- Problem:
Copy the complete listing word for word, but do not carry over any images.

● ● ● ● ●

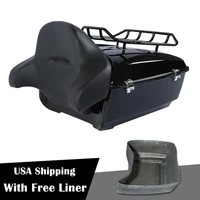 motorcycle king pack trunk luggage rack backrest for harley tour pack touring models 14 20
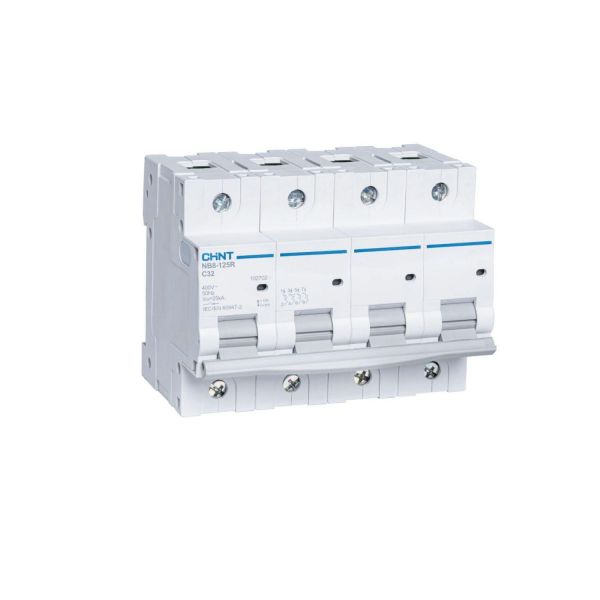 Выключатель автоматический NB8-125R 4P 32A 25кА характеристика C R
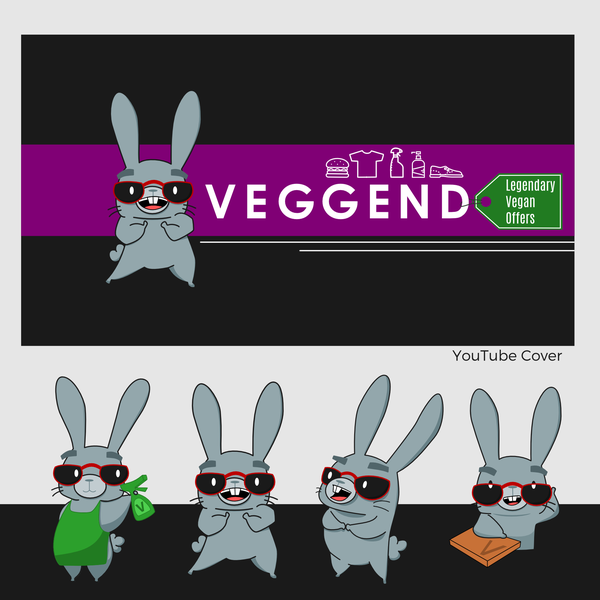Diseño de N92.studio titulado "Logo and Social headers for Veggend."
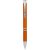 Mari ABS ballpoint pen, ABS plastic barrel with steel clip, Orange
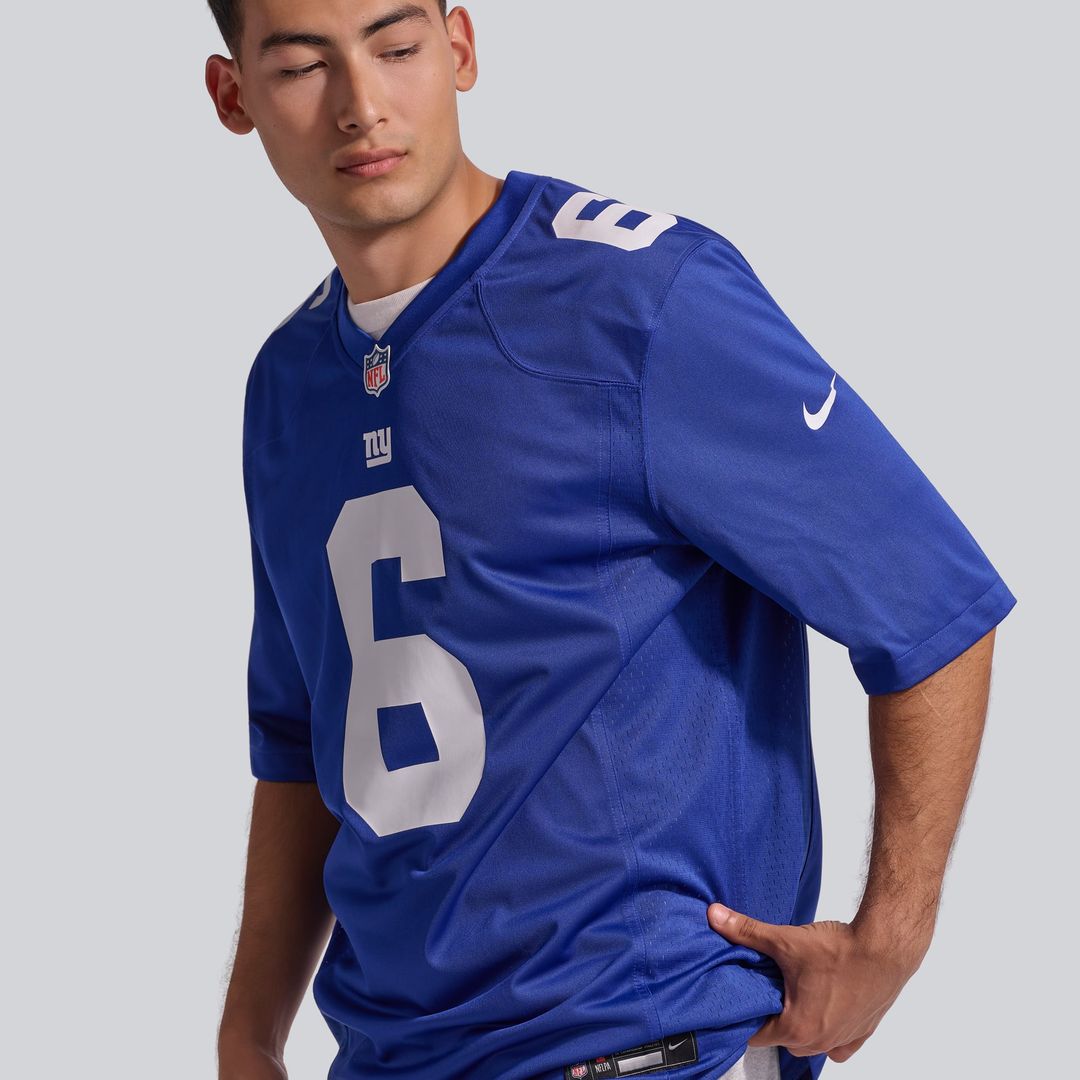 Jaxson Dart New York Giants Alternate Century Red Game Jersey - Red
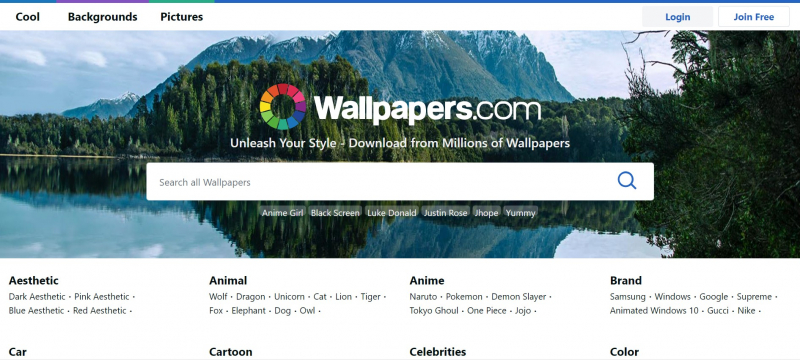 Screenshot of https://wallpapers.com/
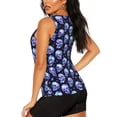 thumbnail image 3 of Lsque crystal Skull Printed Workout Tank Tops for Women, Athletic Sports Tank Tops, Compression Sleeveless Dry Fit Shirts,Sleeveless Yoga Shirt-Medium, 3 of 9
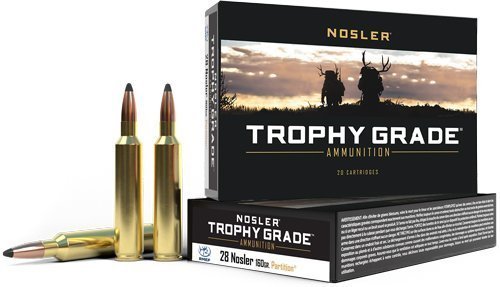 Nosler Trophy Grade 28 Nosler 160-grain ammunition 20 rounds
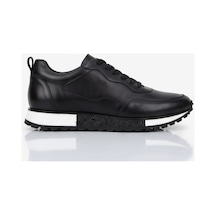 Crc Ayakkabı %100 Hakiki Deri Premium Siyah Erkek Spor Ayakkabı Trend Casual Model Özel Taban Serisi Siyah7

● ● ● ● ●

- Reply:
 motorcycle king pack trunk luggage rack backrest for harley tour pack touring models 14 20
 Выключатель автоматический NB8-125R 4P 32A 25кА характеристика C R
Diseño de N92.studio titulado "Logo and Social headers for Veggend."
 Mari ABS ballpoint pen, ABS plastic barrel with steel clip, Orange
 Jaxson Dart New York Giants Alternate Century Red Game Jersey - Red
 Screenshot of https://wallpapers.com/
 thumbnail image 3 of Lsque crystal Skull Printed Workout Tank Tops for Women, Athletic Sports Tank Tops, Compression Sleeveless Dry Fit Shirts,Sleeveless Yoga Shirt-Medium, 3 of 9
 Nosler Trophy Grade 28 Nosler 160-grain ammunition 20 rounds
 Crc Ayakkabı %100 Hakiki Deri Premium Siyah Erkek Spor Ayakkabı Trend Casual Model Özel Taban Serisi Siyah7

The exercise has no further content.